Claudel, L'Échange (1893-1894) :
Lechy Ebernon
Je suis actrice, vous savez. Je joue sur le théâtre. Le théâtre. Vous ne savez pas ce que c'est ?
Marthe
Non.
L.E.
Il y a la scène et la salle. Tout étant clos, les gens viennent là le soir, et ils sont assis par rangées les uns derrière les autres, regardant.
M.
Quoi ? Qu'est-ce qu'ils regardent, puisque tout est fermé ?
L.E.
Ils regardent le rideau de la scène. Et ce qu'il y a derrière quand il est levé. Et il arrive quelque chose sur la scène comme si c'était vrai.
M.
Mais puisque ce n'est pas vrai ! C'est comme les rêves que l'on fait quand on dort.
L.E.
C'est ainsi qu'ils viennent au théâtre la nuit.
[...]
Je les regarde, et la salle n'est rien que de la chair vivante et habillée.

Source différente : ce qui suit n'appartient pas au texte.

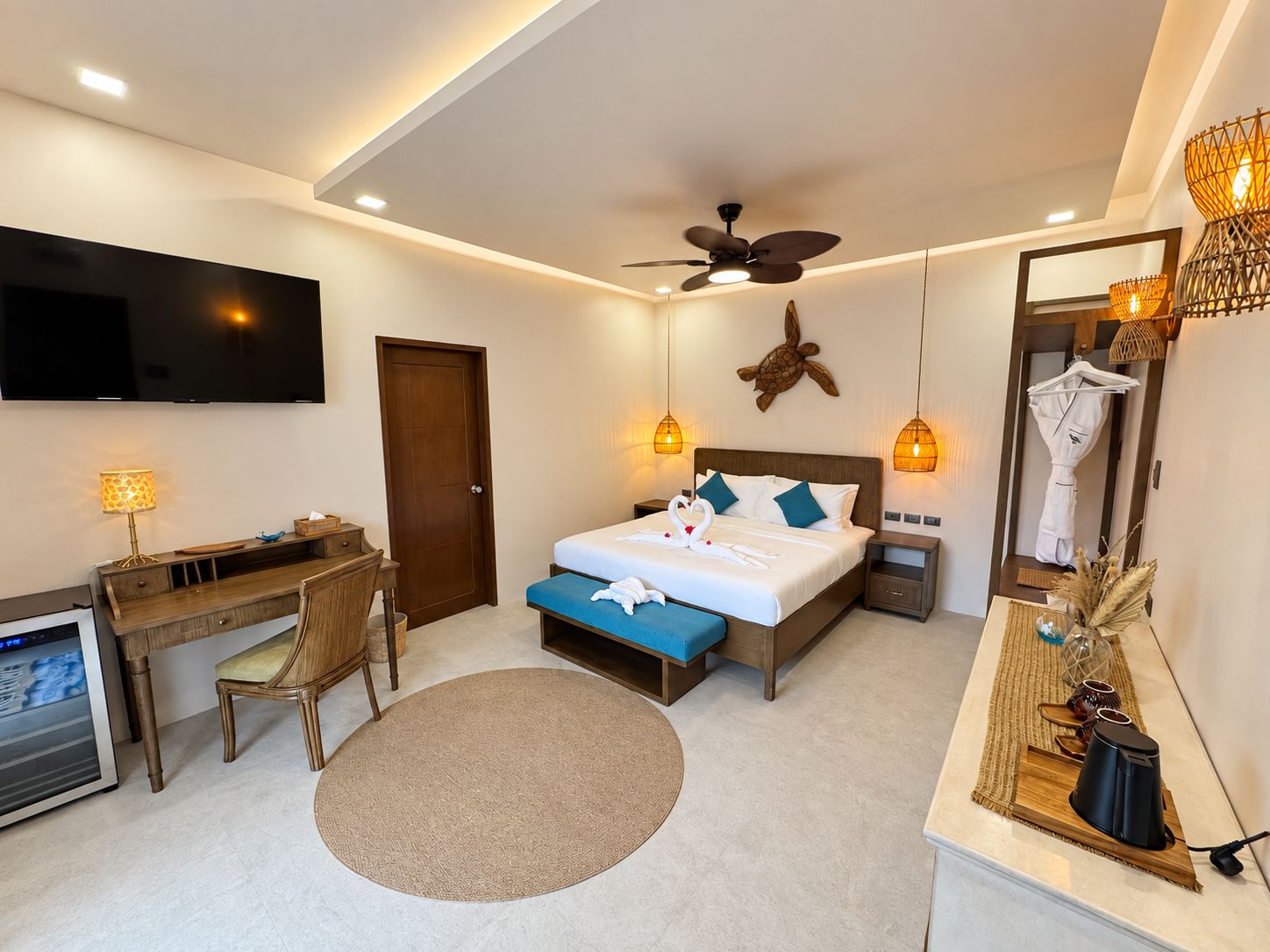 Ein Hotelzimmer mit Bett, Schreibtisch, Stuhl, Fernseher, Deckenventilator und Nachttischlampen.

Et ils garnissent les murs comme des mouches, jusqu'au plafond.
Et je vois ces centaines de visages blancs.
L'homme s'ennuie, et l'ignorance lui est attachée depuis sa naissance.
Et ne sachant de rien comment cela commence ou finit, c'est pour cela qu'il va au théâtre.
Et il se regarde lui-même, les mains posées sur les genoux.
Et il pleure et il rit, et il n'a point envie de s'en aller.